At the same time, travel revenue management requires deep contextual understanding. A generalized AI model may produce polished recommendations while misunderstanding airline network dynamics, hotel occupancy displacement, car rental fleet utilization, pricing elasticity, or channel economics.

In travel and hospitality, inaccurate AI-generated insights are not simply informational errors. They directly influence pricing, inventory controls, forecasting, operational planning, and ultimately revenue performance.
When poor data quality combines with uncritical trust in AI-generated outputs, commercial risk compounds rapidly.

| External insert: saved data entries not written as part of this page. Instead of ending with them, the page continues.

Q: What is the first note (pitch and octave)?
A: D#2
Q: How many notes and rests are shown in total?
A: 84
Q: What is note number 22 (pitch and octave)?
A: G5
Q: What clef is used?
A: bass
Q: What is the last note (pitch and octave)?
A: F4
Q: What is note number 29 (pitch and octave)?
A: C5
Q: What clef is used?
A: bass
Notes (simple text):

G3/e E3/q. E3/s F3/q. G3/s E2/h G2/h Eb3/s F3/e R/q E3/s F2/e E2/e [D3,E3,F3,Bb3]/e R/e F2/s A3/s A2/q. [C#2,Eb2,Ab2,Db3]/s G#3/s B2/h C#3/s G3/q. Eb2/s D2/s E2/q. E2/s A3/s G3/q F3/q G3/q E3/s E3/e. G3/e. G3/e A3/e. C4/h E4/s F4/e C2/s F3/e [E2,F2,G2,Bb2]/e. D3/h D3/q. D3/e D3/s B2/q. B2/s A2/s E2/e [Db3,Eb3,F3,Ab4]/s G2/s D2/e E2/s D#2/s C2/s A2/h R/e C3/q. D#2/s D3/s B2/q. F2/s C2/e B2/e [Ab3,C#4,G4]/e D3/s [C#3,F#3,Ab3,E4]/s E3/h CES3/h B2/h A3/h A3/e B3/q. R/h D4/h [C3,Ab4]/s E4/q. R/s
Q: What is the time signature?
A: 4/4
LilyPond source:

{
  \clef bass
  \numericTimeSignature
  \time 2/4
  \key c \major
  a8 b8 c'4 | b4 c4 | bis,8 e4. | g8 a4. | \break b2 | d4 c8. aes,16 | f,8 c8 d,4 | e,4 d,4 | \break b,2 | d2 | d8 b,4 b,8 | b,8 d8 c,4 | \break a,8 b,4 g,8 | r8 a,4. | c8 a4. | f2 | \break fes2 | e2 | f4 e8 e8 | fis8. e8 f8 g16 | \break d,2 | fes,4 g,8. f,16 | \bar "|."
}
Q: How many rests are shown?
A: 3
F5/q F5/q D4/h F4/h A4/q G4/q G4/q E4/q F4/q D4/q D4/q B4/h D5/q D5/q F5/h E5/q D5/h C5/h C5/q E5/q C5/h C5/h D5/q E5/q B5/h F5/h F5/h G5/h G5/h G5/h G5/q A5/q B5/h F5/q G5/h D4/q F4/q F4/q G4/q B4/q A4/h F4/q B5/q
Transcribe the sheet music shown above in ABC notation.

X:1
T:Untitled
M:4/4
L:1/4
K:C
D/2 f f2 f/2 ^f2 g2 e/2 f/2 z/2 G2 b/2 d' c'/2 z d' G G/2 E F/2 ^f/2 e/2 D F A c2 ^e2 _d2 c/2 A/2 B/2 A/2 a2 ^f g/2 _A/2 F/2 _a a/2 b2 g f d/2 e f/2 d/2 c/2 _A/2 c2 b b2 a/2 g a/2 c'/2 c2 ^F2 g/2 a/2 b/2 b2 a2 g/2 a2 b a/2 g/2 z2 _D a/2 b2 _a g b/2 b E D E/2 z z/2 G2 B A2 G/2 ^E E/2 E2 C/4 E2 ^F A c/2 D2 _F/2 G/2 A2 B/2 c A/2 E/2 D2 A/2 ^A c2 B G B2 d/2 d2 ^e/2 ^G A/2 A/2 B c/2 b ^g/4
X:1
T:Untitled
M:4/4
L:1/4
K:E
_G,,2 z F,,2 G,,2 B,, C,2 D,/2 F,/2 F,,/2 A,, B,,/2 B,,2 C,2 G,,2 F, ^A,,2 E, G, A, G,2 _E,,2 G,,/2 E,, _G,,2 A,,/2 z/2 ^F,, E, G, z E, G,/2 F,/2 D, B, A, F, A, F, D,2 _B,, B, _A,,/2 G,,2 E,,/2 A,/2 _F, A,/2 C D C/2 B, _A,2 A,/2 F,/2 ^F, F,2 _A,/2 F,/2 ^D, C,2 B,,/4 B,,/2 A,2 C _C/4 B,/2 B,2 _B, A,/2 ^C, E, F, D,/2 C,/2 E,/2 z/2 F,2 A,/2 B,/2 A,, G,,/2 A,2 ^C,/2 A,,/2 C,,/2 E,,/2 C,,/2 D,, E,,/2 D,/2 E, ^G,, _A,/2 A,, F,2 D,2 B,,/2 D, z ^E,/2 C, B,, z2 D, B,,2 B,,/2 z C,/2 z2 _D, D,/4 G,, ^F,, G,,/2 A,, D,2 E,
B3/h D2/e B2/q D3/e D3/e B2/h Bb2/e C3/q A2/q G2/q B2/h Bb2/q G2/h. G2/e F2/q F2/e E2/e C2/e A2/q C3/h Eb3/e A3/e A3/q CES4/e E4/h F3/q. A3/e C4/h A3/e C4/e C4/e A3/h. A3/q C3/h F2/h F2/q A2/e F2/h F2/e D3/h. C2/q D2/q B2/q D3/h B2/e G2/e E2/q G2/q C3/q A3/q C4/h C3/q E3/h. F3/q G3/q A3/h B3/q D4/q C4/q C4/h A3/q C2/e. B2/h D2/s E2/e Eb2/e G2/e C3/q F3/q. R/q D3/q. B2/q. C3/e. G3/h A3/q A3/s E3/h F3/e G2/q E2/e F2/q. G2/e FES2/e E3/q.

AI Governance Ultimately Comes Back to Human Judgment
Most enterprise AI discussions still focus heavily on model performance, infrastructure, scalability, and implementation speed. However, the next phase of enterprise AI governance will increasingly center on data integrity, explainability, contextual trust, verification discipline, and human accountability.
Because ultimately, bad data creates flawed outputs, while cognitive surrender turns those outputs into business decisions. The organizations that succeed with AI will not necessarily be the ones that automate the most aggressively. They will be the ones that combine strong data foundations, specialist intelligence, and critical human oversight in ways that preserve judgment rather than replace it.